Newlyweds cutting wedding cake.
IrynaPeravalava/GettyImages

Traveling for destination weddings is not cheap.

Heck, these days, nothing about any wedding is cheap.

So sometimes, difficult decisions have to be made about personal expenses.

People may want to go to a wedding, but can everyone afford it?

Or are there other things that sound more interesting?

Not everyone is going to understand other people’s decisions about choosing NOT to attend the event.

Redditor officialjan16 wanted to discuss their experience and get some feedback, so naturally, they came to the “Am I The A**hole” (AITA) subreddit.

They asked:

“AITA for not attending a colleague’s wedding and telling a little lie as to why I’m not attending?”

The Original Poster (OP) explained:

“My colleague is getting married in a few months, and she has invited everyone on our team.”

“She and I are the only Gen Z in the office and started around the same time, so we’ve always been closer to each other than everyone else.”

“But I’ve always maintained boundaries and kept my personal life separate.”

“The wedding is in her small town.”

“To go, I would have to get time off, fly, then shuttle, and pay for accommodation and buy a gift.”

“After the wedding, I am travelling to watch Oasis and I am then going to Japan.”

“I need to save.”

“I figured since I don’t really wanna go and I need to save my money and we’re not that close, it’s not worth my spending around $2,000 on this.”

“I didn’t tell her I didn’t want to go, I just told her I have a lot going on that same week.”

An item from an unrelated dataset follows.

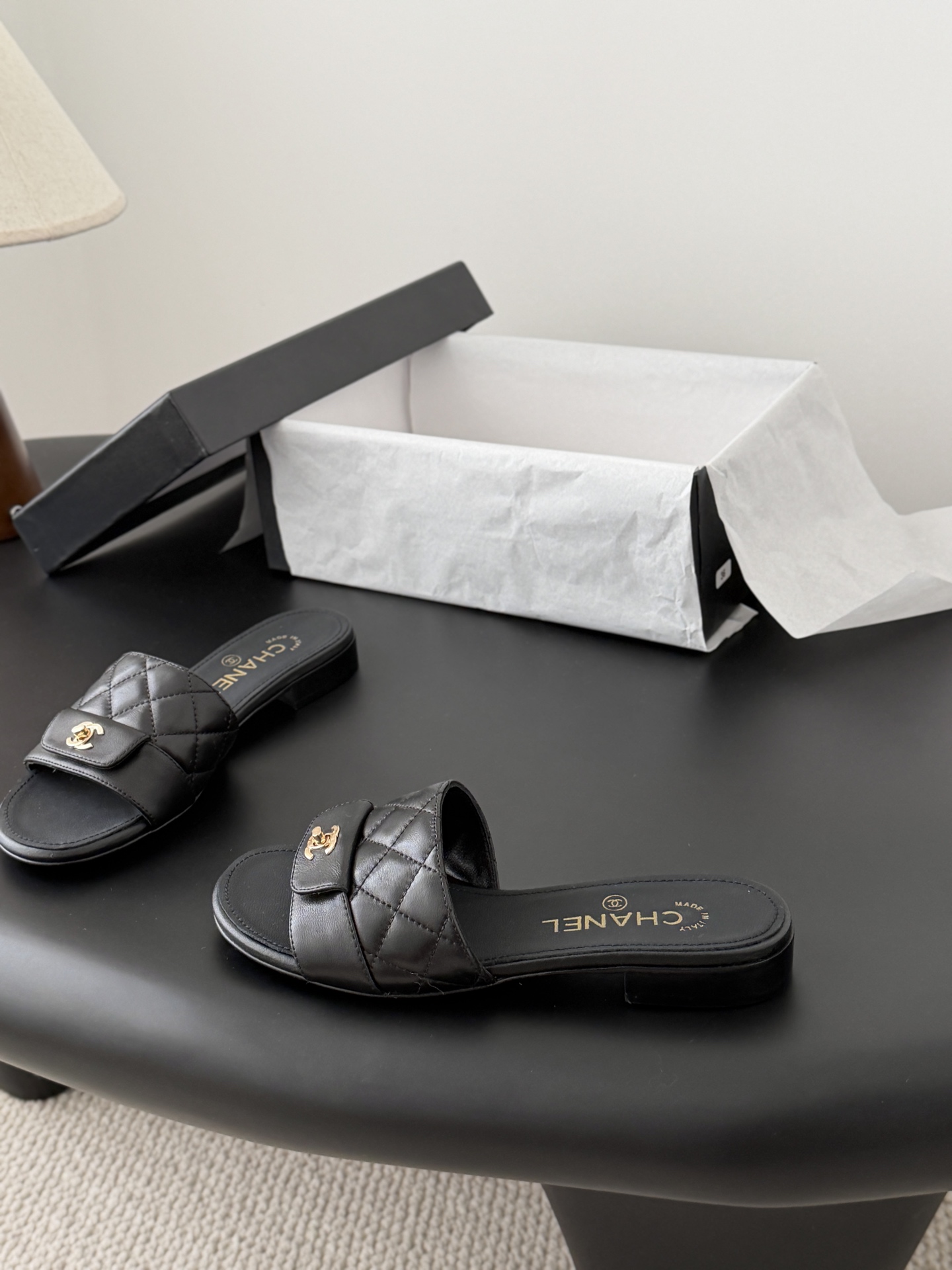 Chanel 26C新款书包扣拖鞋回归的经典书包扣设计 特别Vintage 复古味十足乐福鞋也长到了审美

“She said that’s okay, and that was it.”

“During my lunch break, I went to a cafe and my mum asked if I had told her, and I texted my mum about what happened.”

“I didn’t know another colleague was standing behind me reading my messages.”

“When I came back to the office, said colleague had told everyone in our team what I had texted my mum.”

“I told her that was very nosy and rude and none of her business.”

“I apologized to the bride-to-be and told her I can’t fork out that much money for her wedding when I have a lot going on in my life.”

“She said it was chill and she gets it and we’re good.”

“It’s everyone else who thinks I’m wrong for not going.”

The OP was left to wonder:

“AITA?”

Redditors shared their thoughts on this matter and weighed in on some options to the question AITA:

  • NTA – Not The A**hole
  • YTA – You’re The A**hole
  • NAH – No A**holes Here
  • ESH – Everyone Sucks Here

Many Redditors declared that OP was NOT the A**hole.

“Whaaaaat… 2K on a COLLEAGUE’S wedding?”

“F**k that! NTA.”

“Sounds like the bride is OK with your decision, so what anyone else thinks is entirely irrelevant.” ~ TeenySod

“I wouldn’t go to a colleague’s wedding for free.”

“Also, wouldn’t spend $2k on going to a wedding for family.”

“That I like. NTA.” ~ FakeDoctorMeatCoat

“You should definitely report the nosy employee, as this person is creating a hostile environment.”

“She needs to be made aware that people are not going to tolerate her behavior.”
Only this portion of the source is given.